**Instructions to follow**
A faithful copy of the whole listing is the goal. Match it exactly.

--- Data section Enclosed Below ---

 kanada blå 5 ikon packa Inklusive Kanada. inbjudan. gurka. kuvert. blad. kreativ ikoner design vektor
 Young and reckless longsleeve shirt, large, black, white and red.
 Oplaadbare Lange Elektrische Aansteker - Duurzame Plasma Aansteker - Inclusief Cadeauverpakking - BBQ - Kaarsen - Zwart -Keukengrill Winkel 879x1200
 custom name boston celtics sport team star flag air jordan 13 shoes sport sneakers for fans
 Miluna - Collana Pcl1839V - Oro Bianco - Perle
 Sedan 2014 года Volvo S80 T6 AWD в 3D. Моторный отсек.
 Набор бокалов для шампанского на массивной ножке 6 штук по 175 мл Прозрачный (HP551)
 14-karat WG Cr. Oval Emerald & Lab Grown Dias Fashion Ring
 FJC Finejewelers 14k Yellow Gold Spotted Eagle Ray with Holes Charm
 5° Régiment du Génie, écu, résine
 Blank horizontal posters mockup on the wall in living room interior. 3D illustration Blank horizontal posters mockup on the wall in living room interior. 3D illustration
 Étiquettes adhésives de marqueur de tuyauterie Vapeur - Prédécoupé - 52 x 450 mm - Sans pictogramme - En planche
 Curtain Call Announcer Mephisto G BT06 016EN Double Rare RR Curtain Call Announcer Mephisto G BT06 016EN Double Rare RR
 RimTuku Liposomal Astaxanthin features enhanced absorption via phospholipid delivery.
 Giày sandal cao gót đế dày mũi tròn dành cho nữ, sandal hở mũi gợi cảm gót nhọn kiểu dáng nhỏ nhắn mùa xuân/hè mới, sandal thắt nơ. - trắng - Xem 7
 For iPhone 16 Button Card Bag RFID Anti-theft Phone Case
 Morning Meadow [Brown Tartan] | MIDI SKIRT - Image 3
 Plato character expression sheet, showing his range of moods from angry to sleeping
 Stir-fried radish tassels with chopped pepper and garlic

--- End of Enclosed Data section ---

**Expected answer**
 kanada blå 5 ikon packa Inklusive Kanada. inbjudan. gurka. kuvert. blad. kreativ ikoner design vektor
 Young and reckless longsleeve shirt, large, black, white and red.
 Oplaadbare Lange Elektrische Aansteker - Duurzame Plasma Aansteker - Inclusief Cadeauverpakking - BBQ - Kaarsen - Zwart -Keukengrill Winkel 879x1200
 custom name boston celtics sport team star flag air jordan 13 shoes sport sneakers for fans
 Miluna - Collana Pcl1839V - Oro Bianco - Perle
 Sedan 2014 года Volvo S80 T6 AWD в 3D. Моторный отсек.
 Набор бокалов для шампанского на массивной ножке 6 штук по 175 мл Прозрачный (HP551)
 14-karat WG Cr. Oval Emerald & Lab Grown Dias Fashion Ring
 FJC Finejewelers 14k Yellow Gold Spotted Eagle Ray with Holes Charm
 5° Régiment du Génie, écu, résine
 Blank horizontal posters mockup on the wall in living room interior. 3D illustration Blank horizontal posters mockup on the wall in living room interior. 3D illustration
 Étiquettes adhésives de marqueur de tuyauterie Vapeur - Prédécoupé - 52 x 450 mm - Sans pictogramme - En planche
 Curtain Call Announcer Mephisto G BT06 016EN Double Rare RR Curtain Call Announcer Mephisto G BT06 016EN Double Rare RR
 RimTuku Liposomal Astaxanthin features enhanced absorption via phospholipid delivery.
 Giày sandal cao gót đế dày mũi tròn dành cho nữ, sandal hở mũi gợi cảm gót nhọn kiểu dáng nhỏ nhắn mùa xuân/hè mới, sandal thắt nơ. - trắng - Xem 7
 For iPhone 16 Button Card Bag RFID Anti-theft Phone Case
 Morning Meadow [Brown Tartan] | MIDI SKIRT - Image 3
 Plato character expression sheet, showing his range of moods from angry to sleeping
 Stir-fried radish tassels with chopped pepper and garlic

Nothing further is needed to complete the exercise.